I don't know what you mean by "relax" here.

This comment doesn't explain why you'd want to do this transformation.

hliao added a comment.EditedMar 29 2021, 7:52 AM

This's the companion fix for D96980. That explain the myth why the original agnostic SGPR spill/reload is proposed to solve the issue SGRP spill/reload may be executed when exec mask goes to zero.
We did try to skip executing code when exec mask goes to zero by branch on EXECZ (to the target block) or EXECNZ (to the fallthrough block.) We may run instructions with zero exec mask. But, that's usually not an issue as we immediately restore the exec mask on the targeted block. Code following that exec mask restoration won't be executed in 0 mask. However, if that mask restoration needs to reload a spilled exec mask, we will run the SGPR reload with 0 mask, where v_readfristlane has undefined behavior when exec mask is zero.
This patch tries to mitigate that case by not evaluating exec mask that early or clearing the exec mask when the branch target has mask restoration following SGRP reload. Instead of checking EXECZ or EXECNZ, the exec mask evaluation is duplicated with a temporary SGRP as the destination (without updating exec mask directly), checking SCC0 is equivalent to EXECZ. Exec mask is only evaluated when the result won't be zero. For instance,

    $exec = MASK_EVALUATION()
    s_cbranch_execz TARGET
    ...
TARGET:
   $mask = SGPR_RELOAD(SLOT)
   $exec = OR $exec, $exec, $mask

is translated into

  $tmp = MASK_EVALUATION()
  s_cbranch_scc0 TARGET
  $exec = MASK_EVALUATION()
  ...
TARGET:
   $mask = SGPR_RELOAD(SLOT)
   $exec = OR $exec, $exec, $mask

Note that such transformation is only applied when that mask restoration needs SGPR reloading. As the mask restoration is the merge point of CFG, the predecessor block should have its exec mask always subset of the mask to be restored. It's safe to use the exec mask before that exec mask evaluation.

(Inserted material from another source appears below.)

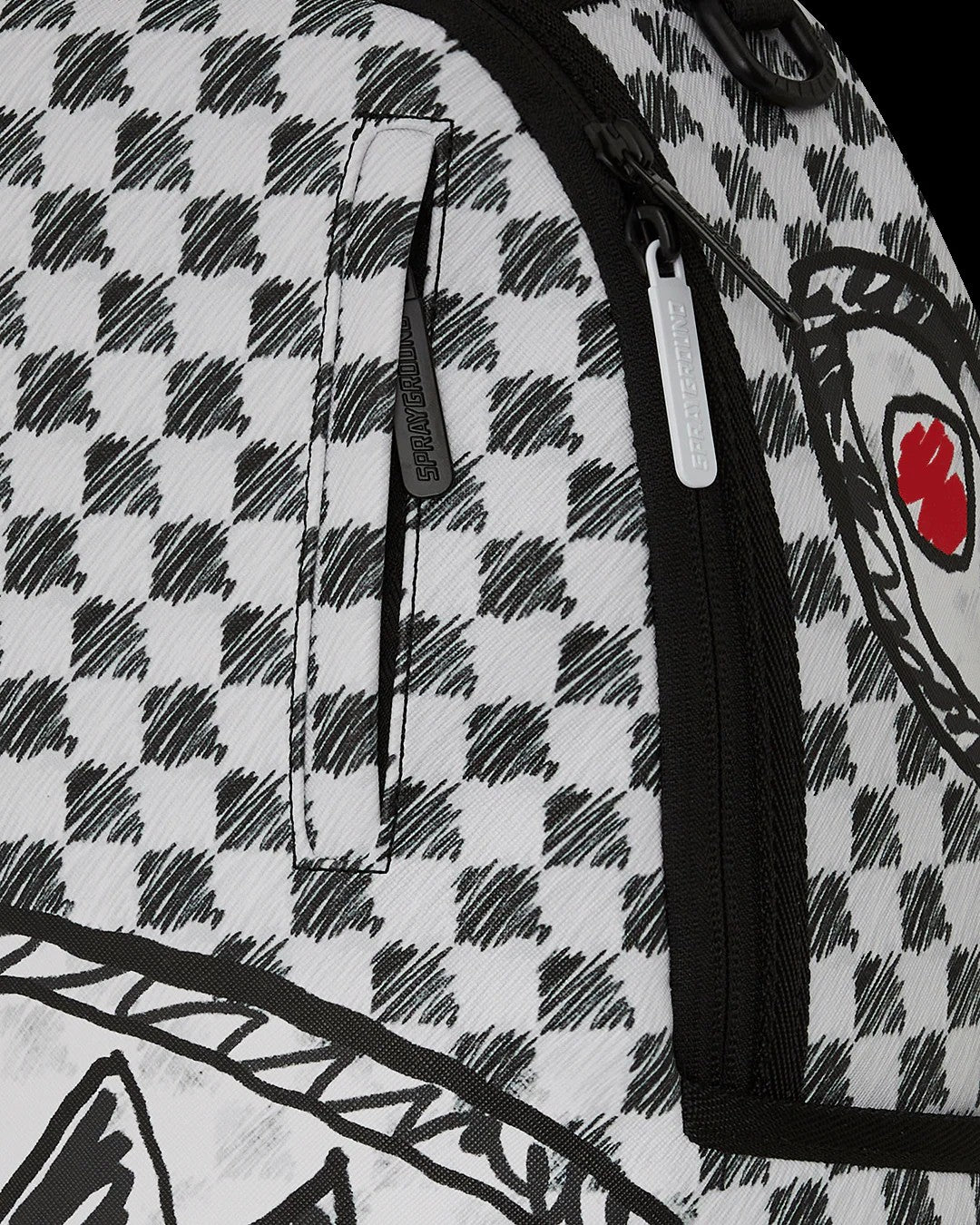 Close-up of a backpack with a checkered pattern and a brand logo.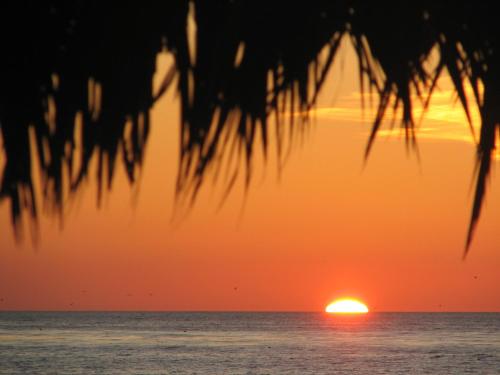 a sunset over the ocean with the sun in the horizon at The Shoal Hotel La Jolla Beach in San Diego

hliao added inline comments.Mar 29 2021, 7:54 AM
llvm/lib/Target/AMDGPU/SIAvoidZeroExecMask.cpp
19

just add comment on the motivation of this pass. Will put the details in the source code then.

foad added inline comments.Mar 29 2021, 9:26 AM
llvm/lib/Target/AMDGPU/SIAvoidZeroExecMask.cpp
220

What happens if there are no free sgprs so the scavenger has to spill something? That sounds like yet another case that won't work correctly when exec is zero.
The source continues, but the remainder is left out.